- What is expected -
What you give back should be exactly the opening lines of the data, ending with the line that contains "2022 MASERATI GHIBLI thumbnail 2" and including it.

+ + + +

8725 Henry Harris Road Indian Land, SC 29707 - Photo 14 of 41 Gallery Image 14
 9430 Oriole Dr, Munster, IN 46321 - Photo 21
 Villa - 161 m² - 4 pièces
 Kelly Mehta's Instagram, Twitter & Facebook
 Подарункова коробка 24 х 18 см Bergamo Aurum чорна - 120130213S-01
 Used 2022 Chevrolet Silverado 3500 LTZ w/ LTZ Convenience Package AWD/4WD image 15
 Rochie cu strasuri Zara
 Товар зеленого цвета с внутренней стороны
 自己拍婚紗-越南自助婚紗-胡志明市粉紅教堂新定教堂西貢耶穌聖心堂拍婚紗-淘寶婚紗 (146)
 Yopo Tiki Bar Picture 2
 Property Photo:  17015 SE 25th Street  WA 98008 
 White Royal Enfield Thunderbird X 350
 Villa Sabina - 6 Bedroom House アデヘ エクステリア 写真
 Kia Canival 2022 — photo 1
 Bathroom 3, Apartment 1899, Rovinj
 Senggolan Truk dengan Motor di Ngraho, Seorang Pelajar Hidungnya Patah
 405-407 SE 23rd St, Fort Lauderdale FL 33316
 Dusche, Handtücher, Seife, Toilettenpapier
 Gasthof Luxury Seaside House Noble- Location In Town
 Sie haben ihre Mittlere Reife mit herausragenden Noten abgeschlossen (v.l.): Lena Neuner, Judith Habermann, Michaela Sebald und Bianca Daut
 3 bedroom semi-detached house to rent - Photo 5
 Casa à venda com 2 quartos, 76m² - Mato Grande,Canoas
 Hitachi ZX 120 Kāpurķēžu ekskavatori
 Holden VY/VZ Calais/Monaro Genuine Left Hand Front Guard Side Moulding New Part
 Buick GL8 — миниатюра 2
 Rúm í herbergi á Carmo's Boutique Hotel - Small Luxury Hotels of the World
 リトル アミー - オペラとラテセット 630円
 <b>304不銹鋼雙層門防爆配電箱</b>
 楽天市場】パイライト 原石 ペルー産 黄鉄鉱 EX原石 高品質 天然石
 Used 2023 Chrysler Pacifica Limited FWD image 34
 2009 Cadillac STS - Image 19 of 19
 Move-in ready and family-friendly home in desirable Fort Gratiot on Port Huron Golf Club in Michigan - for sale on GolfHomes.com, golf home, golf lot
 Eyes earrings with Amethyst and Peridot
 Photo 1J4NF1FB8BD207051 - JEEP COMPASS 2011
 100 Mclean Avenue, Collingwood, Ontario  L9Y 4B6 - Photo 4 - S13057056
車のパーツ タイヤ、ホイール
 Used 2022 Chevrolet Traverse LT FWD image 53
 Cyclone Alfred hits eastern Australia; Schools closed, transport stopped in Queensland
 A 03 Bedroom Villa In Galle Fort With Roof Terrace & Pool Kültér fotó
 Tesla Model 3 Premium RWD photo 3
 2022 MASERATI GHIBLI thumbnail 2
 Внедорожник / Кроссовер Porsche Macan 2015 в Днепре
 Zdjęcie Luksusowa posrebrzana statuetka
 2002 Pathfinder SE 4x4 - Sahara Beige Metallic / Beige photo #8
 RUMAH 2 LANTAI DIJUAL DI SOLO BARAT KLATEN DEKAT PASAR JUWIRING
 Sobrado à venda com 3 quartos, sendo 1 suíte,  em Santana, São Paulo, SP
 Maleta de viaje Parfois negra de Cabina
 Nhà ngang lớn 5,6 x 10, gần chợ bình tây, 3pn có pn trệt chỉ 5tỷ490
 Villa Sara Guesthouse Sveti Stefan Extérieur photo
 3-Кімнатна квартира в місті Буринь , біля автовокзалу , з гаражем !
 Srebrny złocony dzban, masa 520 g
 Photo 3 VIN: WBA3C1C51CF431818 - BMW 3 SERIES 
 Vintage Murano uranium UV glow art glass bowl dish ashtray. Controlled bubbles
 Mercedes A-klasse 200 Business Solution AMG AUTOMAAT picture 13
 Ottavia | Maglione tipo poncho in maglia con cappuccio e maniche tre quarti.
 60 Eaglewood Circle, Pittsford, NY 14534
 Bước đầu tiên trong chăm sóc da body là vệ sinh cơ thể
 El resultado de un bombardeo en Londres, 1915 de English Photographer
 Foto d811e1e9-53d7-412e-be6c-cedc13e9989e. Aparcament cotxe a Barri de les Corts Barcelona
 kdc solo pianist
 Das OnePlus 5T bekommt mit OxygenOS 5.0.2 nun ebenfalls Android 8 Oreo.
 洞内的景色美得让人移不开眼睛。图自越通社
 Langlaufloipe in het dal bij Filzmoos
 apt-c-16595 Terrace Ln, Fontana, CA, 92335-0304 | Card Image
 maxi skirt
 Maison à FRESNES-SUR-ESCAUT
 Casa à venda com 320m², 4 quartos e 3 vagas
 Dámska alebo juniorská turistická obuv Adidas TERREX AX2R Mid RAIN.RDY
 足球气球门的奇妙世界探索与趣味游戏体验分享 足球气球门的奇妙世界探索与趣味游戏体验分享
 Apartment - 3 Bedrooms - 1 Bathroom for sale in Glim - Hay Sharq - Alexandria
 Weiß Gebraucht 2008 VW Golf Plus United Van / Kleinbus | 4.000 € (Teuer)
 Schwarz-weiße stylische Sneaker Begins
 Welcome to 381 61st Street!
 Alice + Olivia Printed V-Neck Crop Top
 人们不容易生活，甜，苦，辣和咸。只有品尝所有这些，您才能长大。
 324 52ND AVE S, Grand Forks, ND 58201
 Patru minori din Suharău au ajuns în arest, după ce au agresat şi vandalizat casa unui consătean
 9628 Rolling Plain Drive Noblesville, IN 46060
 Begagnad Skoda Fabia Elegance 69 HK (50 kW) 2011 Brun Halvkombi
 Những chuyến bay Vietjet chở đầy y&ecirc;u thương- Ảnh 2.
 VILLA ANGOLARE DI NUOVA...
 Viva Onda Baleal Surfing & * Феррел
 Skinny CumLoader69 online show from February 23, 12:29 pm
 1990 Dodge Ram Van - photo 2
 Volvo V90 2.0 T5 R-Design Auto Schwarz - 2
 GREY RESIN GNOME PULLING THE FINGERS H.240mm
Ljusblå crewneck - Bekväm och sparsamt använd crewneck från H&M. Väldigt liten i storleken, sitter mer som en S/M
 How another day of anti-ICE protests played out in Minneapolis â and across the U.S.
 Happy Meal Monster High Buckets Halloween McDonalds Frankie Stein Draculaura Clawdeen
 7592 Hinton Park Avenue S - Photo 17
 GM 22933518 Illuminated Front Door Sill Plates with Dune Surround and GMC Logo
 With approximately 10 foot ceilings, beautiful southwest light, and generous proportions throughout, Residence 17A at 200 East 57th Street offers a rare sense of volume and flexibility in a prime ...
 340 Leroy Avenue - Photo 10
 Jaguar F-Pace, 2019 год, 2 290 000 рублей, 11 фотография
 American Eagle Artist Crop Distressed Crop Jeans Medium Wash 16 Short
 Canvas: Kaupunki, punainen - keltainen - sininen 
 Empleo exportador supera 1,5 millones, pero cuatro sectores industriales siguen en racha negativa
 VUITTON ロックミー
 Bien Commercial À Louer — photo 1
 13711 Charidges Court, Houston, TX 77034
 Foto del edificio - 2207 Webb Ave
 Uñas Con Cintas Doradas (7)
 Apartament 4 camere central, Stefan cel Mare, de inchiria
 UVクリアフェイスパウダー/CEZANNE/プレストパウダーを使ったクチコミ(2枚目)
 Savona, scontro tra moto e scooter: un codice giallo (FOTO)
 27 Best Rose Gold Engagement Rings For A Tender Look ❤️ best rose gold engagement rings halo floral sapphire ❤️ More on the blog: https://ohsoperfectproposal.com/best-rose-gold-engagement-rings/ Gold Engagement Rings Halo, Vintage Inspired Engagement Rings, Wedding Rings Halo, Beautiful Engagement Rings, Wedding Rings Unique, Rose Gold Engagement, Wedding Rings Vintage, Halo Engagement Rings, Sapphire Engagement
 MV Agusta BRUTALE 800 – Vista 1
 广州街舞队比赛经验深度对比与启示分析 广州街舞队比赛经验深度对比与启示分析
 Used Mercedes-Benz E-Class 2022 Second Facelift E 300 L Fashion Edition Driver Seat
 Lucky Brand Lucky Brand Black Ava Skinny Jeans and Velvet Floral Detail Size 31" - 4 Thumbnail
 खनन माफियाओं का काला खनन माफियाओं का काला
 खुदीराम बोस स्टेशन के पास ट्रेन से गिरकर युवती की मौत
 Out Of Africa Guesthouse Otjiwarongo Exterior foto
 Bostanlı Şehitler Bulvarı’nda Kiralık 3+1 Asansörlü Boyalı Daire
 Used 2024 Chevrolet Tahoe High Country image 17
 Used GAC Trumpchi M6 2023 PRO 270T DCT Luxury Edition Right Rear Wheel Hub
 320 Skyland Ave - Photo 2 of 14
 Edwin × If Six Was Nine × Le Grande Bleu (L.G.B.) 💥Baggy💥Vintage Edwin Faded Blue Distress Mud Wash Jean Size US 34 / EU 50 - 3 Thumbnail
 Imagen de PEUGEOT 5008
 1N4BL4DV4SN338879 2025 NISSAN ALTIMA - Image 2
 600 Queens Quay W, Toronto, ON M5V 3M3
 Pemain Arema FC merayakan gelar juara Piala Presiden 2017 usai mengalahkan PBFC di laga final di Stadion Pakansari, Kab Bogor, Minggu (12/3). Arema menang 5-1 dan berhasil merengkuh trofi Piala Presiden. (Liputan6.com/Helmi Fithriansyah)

+ + + +

- Response -
8725 Henry Harris Road Indian Land, SC 29707 - Photo 14 of 41 Gallery Image 14
 9430 Oriole Dr, Munster, IN 46321 - Photo 21
 Villa - 161 m² - 4 pièces
 Kelly Mehta's Instagram, Twitter & Facebook
 Подарункова коробка 24 х 18 см Bergamo Aurum чорна - 120130213S-01
 Used 2022 Chevrolet Silverado 3500 LTZ w/ LTZ Convenience Package AWD/4WD image 15
 Rochie cu strasuri Zara
 Товар зеленого цвета с внутренней стороны
 自己拍婚紗-越南自助婚紗-胡志明市粉紅教堂新定教堂西貢耶穌聖心堂拍婚紗-淘寶婚紗 (146)
 Yopo Tiki Bar Picture 2
 Property Photo:  17015 SE 25th Street  WA 98008 
 White Royal Enfield Thunderbird X 350
 Villa Sabina - 6 Bedroom House アデヘ エクステリア 写真
 Kia Canival 2022 — photo 1
 Bathroom 3, Apartment 1899, Rovinj
 Senggolan Truk dengan Motor di Ngraho, Seorang Pelajar Hidungnya Patah
 405-407 SE 23rd St, Fort Lauderdale FL 33316
 Dusche, Handtücher, Seife, Toilettenpapier
 Gasthof Luxury Seaside House Noble- Location In Town
 Sie haben ihre Mittlere Reife mit herausragenden Noten abgeschlossen (v.l.): Lena Neuner, Judith Habermann, Michaela Sebald und Bianca Daut
 3 bedroom semi-detached house to rent - Photo 5
 Casa à venda com 2 quartos, 76m² - Mato Grande,Canoas
 Hitachi ZX 120 Kāpurķēžu ekskavatori
 Holden VY/VZ Calais/Monaro Genuine Left Hand Front Guard Side Moulding New Part
 Buick GL8 — миниатюра 2
 Rúm í herbergi á Carmo's Boutique Hotel - Small Luxury Hotels of the World
 リトル アミー - オペラとラテセット 630円
 <b>304不銹鋼雙層門防爆配電箱</b>
 楽天市場】パイライト 原石 ペルー産 黄鉄鉱 EX原石 高品質 天然石
 Used 2023 Chrysler Pacifica Limited FWD image 34
 2009 Cadillac STS - Image 19 of 19
 Move-in ready and family-friendly home in desirable Fort Gratiot on Port Huron Golf Club in Michigan - for sale on GolfHomes.com, golf home, golf lot
 Eyes earrings with Amethyst and Peridot
 Photo 1J4NF1FB8BD207051 - JEEP COMPASS 2011
 100 Mclean Avenue, Collingwood, Ontario  L9Y 4B6 - Photo 4 - S13057056
車のパーツ タイヤ、ホイール
 Used 2022 Chevrolet Traverse LT FWD image 53
 Cyclone Alfred hits eastern Australia; Schools closed, transport stopped in Queensland
 A 03 Bedroom Villa In Galle Fort With Roof Terrace & Pool Kültér fotó
 Tesla Model 3 Premium RWD photo 3
 2022 MASERATI GHIBLI thumbnail 2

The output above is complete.